Does measuring code change improve fault prediction?

  • Authors:
  • Robert M. Bell;Thomas J. Ostrand;Elaine J. Weyuker

  • Affiliations:
  • AT&T Labs - Research, Florham Park, NJ;AT&T Labs - Research, Florham Park, NJ;AT&T Labs - Research, Florham Park, NJ

  • Venue:
  • Proceedings of the 7th International Conference on Predictive Models in Software Engineering
  • Year:
  • 2011

Quantified Score

Hi-index 0.01

Visualization

Abstract

Background: Several studies have examined code churn as a variable for predicting faults in large software systems. High churn is usually associated with more faults appearing in code that has been changed frequently. Aims: We investigate the extent to which faults can be predicted by the degree of churn alone, whether other code characteristics occur together with churn, and which combinations of churn and other characteristics provide the best predictions. We also investigate different types of churn, including both additions to and deletions from code, as well as overall amount of change to code. Method: We have mined the version control database of a large software system to collect churn and other software measures from 18 successive releases of the system. We examine the frequency of faults plotted against various code characteristics, and evaluate a diverse set of prediction models based on many different combinations of independent variables, including both absolute and relative churn. Results: Churn measures based on counts of lines added, deleted, and modified are very effective for fault prediction.
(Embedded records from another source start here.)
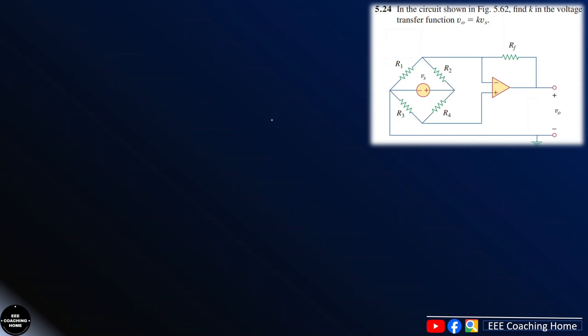Asalaam Alaikum, I am Mono Arsene from Triple E Coaching. I am going to solve this problem. Alexander Sadigur Pass Number 2. I am going to start the problem. In the circuit 5.62, I am going to start the problem.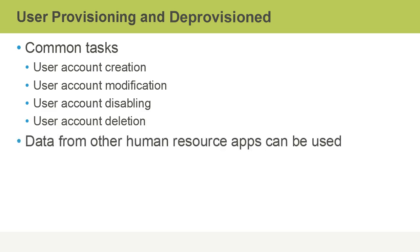Data from other human resource apps can also be used or integrated with a current solution that might be used. For instance, we might link Active Directory user accounts with a PeopleSoft application.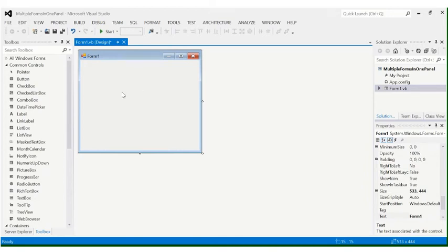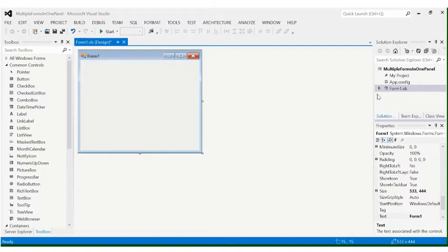Hello guys, good afternoon. Our topic for today is running multiple forms in one panel. We're going to create at least four forms: Form 1 will be our main form, and the succeeding forms will be run or displayed inside a panel.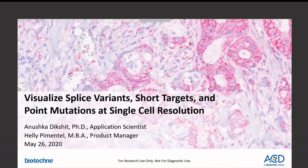Thank you for joining the webinar. My name is Haley Pimentel, and I'm a pilot manager here at ACD. My colleague, Anishka Dixit, an application scientist, will be co-hosting with me.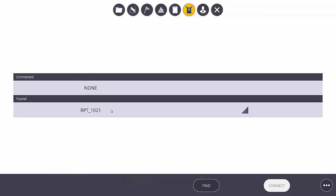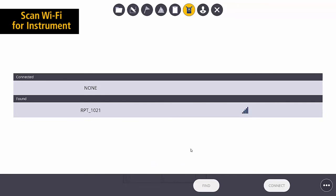Or it could just be that we need to hit the Find button. If I hit the Find button, it will go out and it will search for all of those Wi-Fi signals from any RPTs that are available on the job site.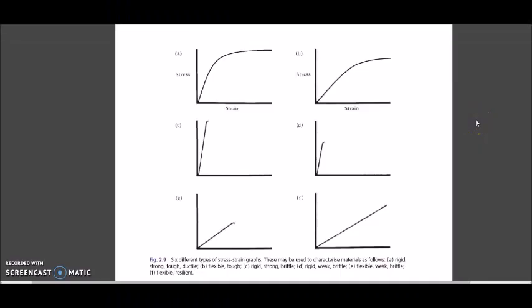Assalamu alaikum. Today I will be discussing these six different types of stress-strain graphs which are given in the book 'Applied Dental Materials' by John McCabe, ninth edition. These graphs are given in the chapter on properties of dental materials and show characteristics of different materials.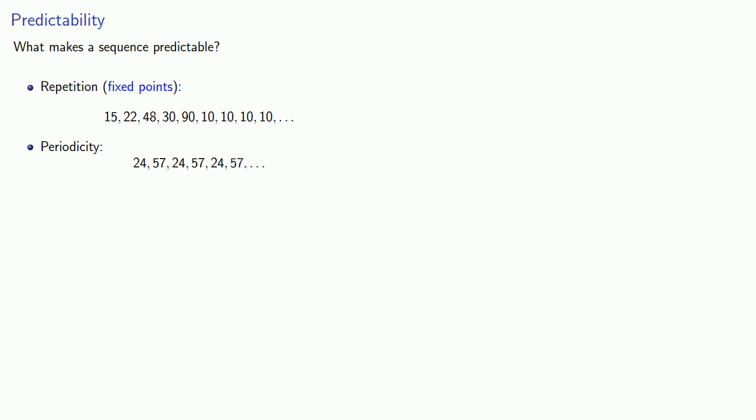Now it's not necessary that we be able to predict exactly what the next output is going to be. As long as we can say something about the next output, that gives us an element of predictability and eliminates some of the randomness. So a somewhat subtle way that a sequence may be predictable is if it exhibits what's called monotonicity. And that's a fancy way of saying if the terms always decrease or always increase. Now for monotonicity, as well as for repetition and periodicity, it's important to keep in mind that we don't really care what happens at the beginning of the sequence. What we care about is the long-term behavior.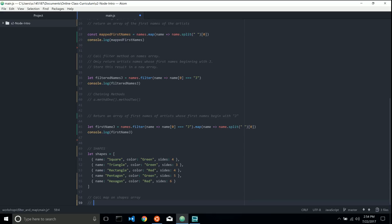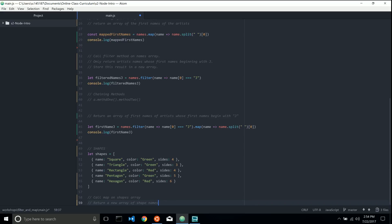the next thing I want you to do after calling map on your shapes array is return a new array of shape names. So call map on your shapes array, store the result in a new array, and that new array should contain just the strings of each shape.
Individually, counts of adds and modifications outperform counts of deletes, while the sum of all three counts was most effective. However, these counts did not improve prediction accuracy relative to a model that included a simple count of the number of times that a file had been changed in the prior release. Conclusions: Including a measure of change in the prior release is an essential component of our fault prediction method. Various measures seem to work roughly equivalently.